Uncertainty Problem

Here's the problem:

A magazine publishes lateral acceleration capability from cars it tests. Measurements are made using a 150' diameter skidpad, the vehicle path deviates from the circle +/- 2 ft and the vehicle speed is read from a fifth wheel sensor measuring the system to +/- .5 mph. Then it says to estimate the experimental uncertainty if the reported lateral acceleration is .7g.

All I can think of is A=v^2/r...and some how i would have to cut the 150 diameter into 75 as a radius. I got 75 +/- .0133. then i found v = to 22.69, and you have to square that...I'm basically stumped...the answer is like 4.XX%

I did the calculation and I got 8%.

hmm well its supposedly like 4.45%, i have a feeling this has something to do with partial derivatives?

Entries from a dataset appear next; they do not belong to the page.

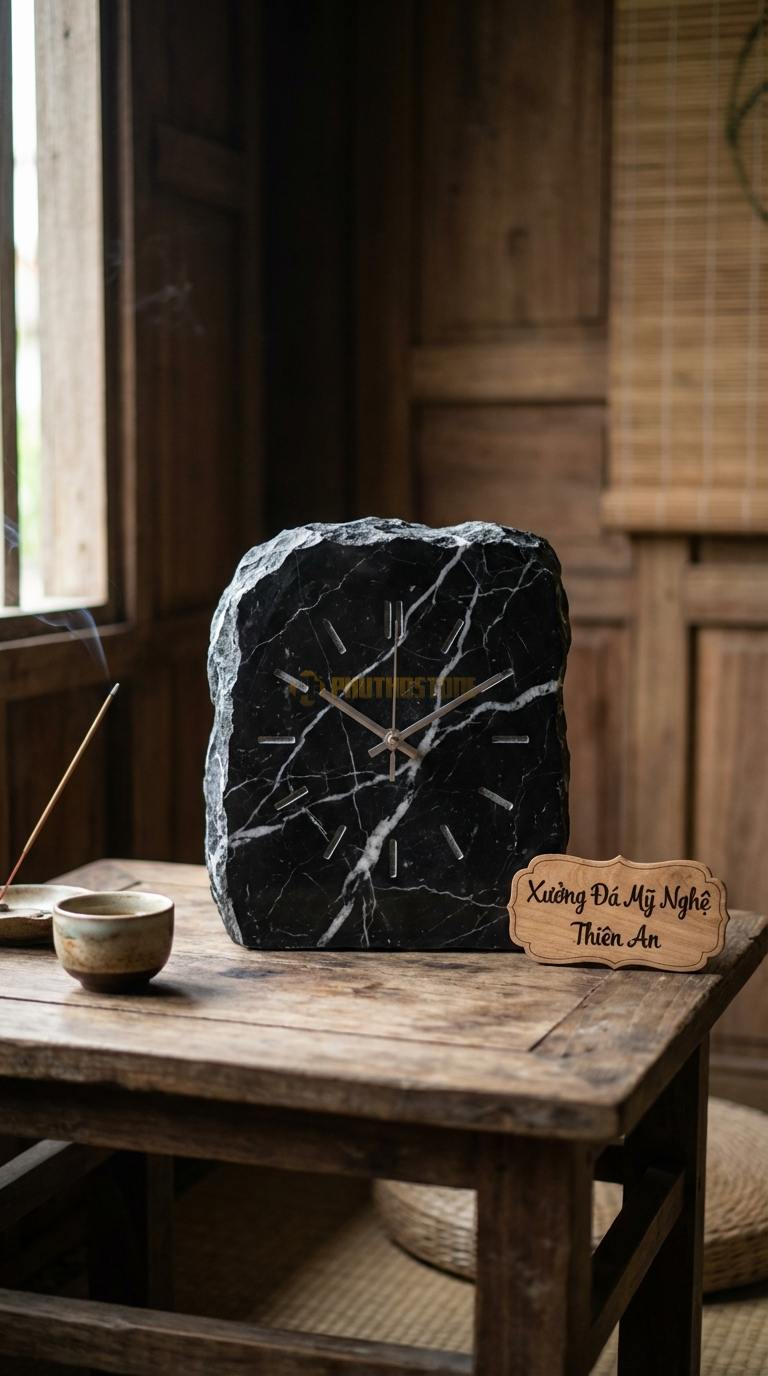 Đồng Hồ Treo Tường Đá Nghệ Thuật Đá Đen Tia Chớp Tranh Đá Quý (Kết hợp đồng hồ và tranh phong cảnh) 60cm x 90cm
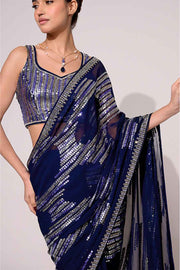 CHEVRON TEAL SAREE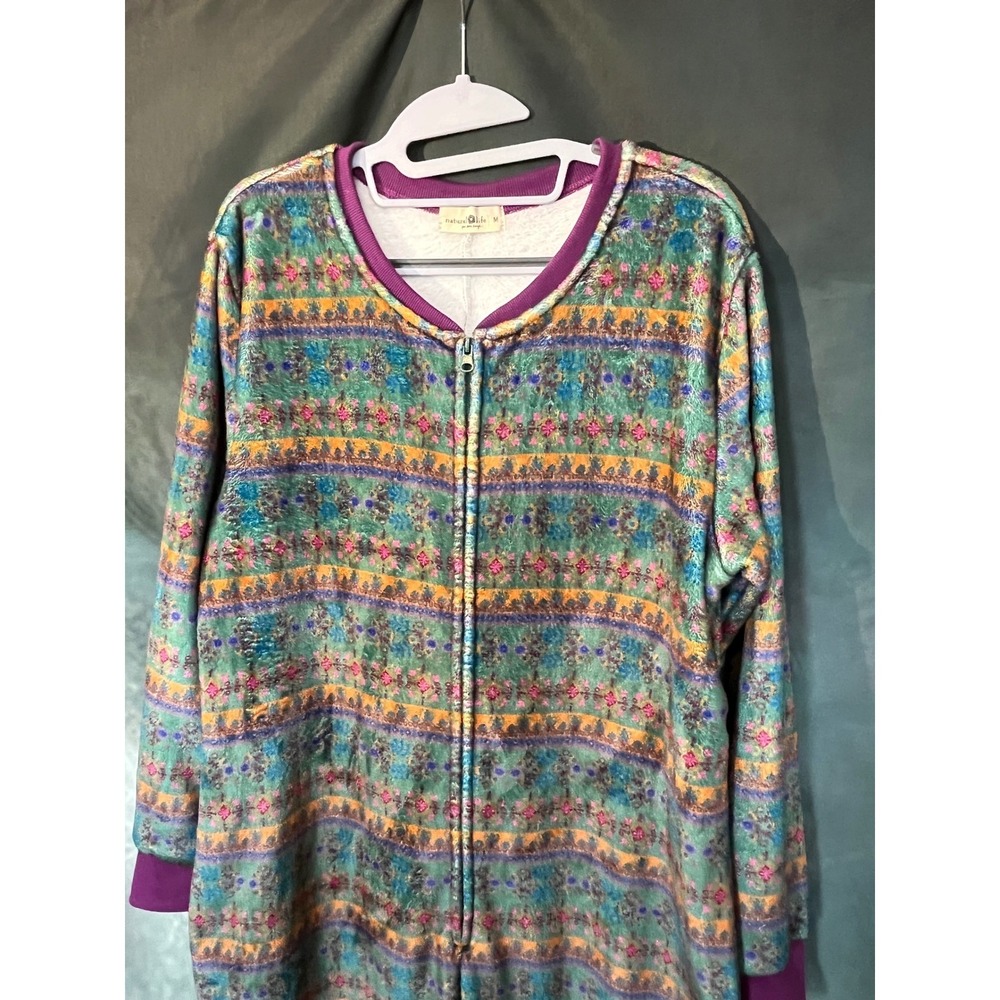 Natural Life Cozy Fleece Pajama Jumpsuit Fairytale Print Zip Up Women's Medium - Picture 2 of 5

no, you dont need partial derivatives to solve it. Ill get back to you with the answer, by the way, how many feet in a mile?

5280 feet in mile

I Still cant get it, I get something liek 3.8%.

Chronos
Gold Member
See if this helps
$$A = \frac{1.226r}{t^2}$$
where
A = acceleration in g's
t = time [in seconds] to complete 1 lap
This is how g's are calculated on a skidpad
re: http://www.carcraft.com/howto/53698/index7.html

yeah but im not given any information about times

Chronos
$$A = \frac{1.226rv^2}{d^2}$$ Does that help?